Business leaders and entrepreneurs who succeed time after time do so mostly because they have a knack for responding to or anticipating the fickle demands of the marketplace, not because they have any power to dictate the decisions of consumers. Once a group’s problem is solved, members almost automatically seek new problems and challenges. If leaders don’t want to get run over by their followers, they have to seek new problems and challenges too.

Tuesday, June 7, 2011

The Business of America

Calvin Coolidge is one of the least quoted America presidents because he was usually reluctant to say much of anything. But one thing he did say has stuck with us. “The Business of America,” said Calvin Coolidge, “is business.” His declaration epitomizes an influential school of thought which claims that business is and should be the dominant American institution. Some have proposed, in fact, that the United States government should be run like a business.

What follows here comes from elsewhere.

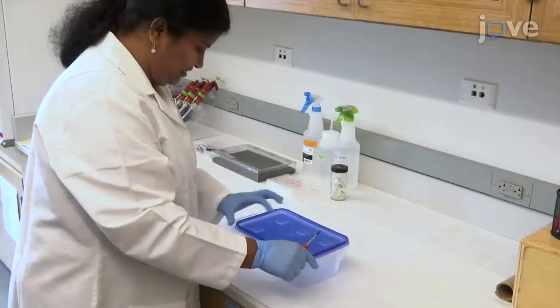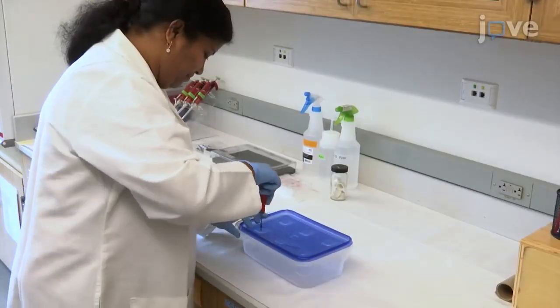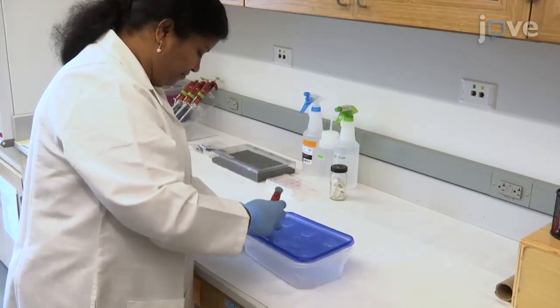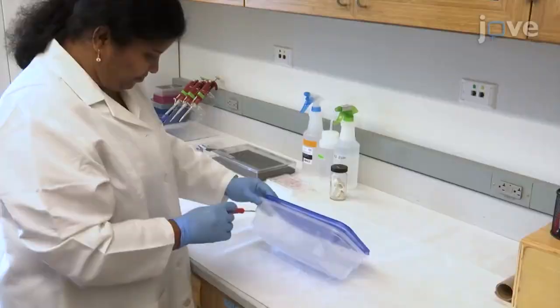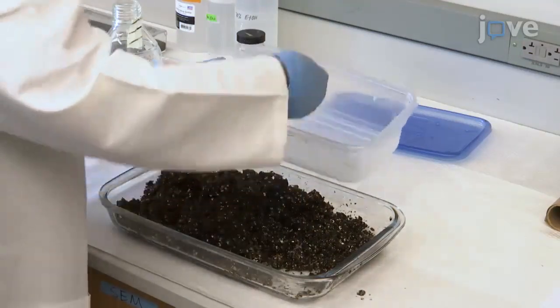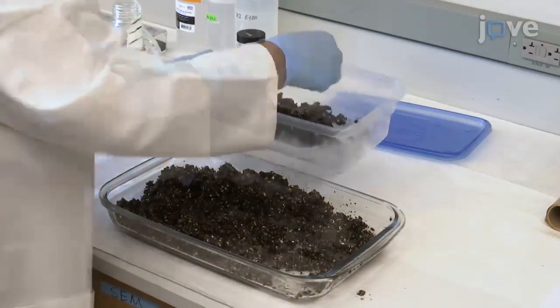Before collecting turtle eggs from a field site during nesting season, make four to six 0.25 centimeter holes along the sides of plastic boxes and on their lids to allow aeration, before filling the boxes with a moist mixture of vermiculite and peat moss bedding mixture at a one to one ratio.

The notion that leadership in all sorts of organizations and enterprises should mimic the behavior of business leadership is rooted in the history of business itself. About 160 years ago, when large-scale formal organizations first began to appear all over the landscape, business organizations had one definite advantage over democratic governments and other multi-purpose organizations. The clear and constant discipline of the bottom line, which separates profit from loss, gave business leaders a target and a method to measure all aspects of performance. The development of management as an academic subject made its initial gains in the world of business. Nowadays management principles are taught to leaders and would-be leaders in education, religion, government, medicine, and dozens of other fields.

In times of economic recession, the pressures of budgets make the application of business methods even more logical. Ironically, the success of business management principles, the affluence produced by American business, and concern for certain side effects like environmental pollution, have given rise in some quarters to a shift in emphasis from production to service and from preoccupation with the bottom line to social responsibility. One of the most promising developments in the realm of organizations, including businesses, is the focus on the "triple bottom line:" people, profits and the planet. If Calvin Coolidge were around today, he might be tempted to revise his most famous remark. “The business of America”, he might say, “is America.”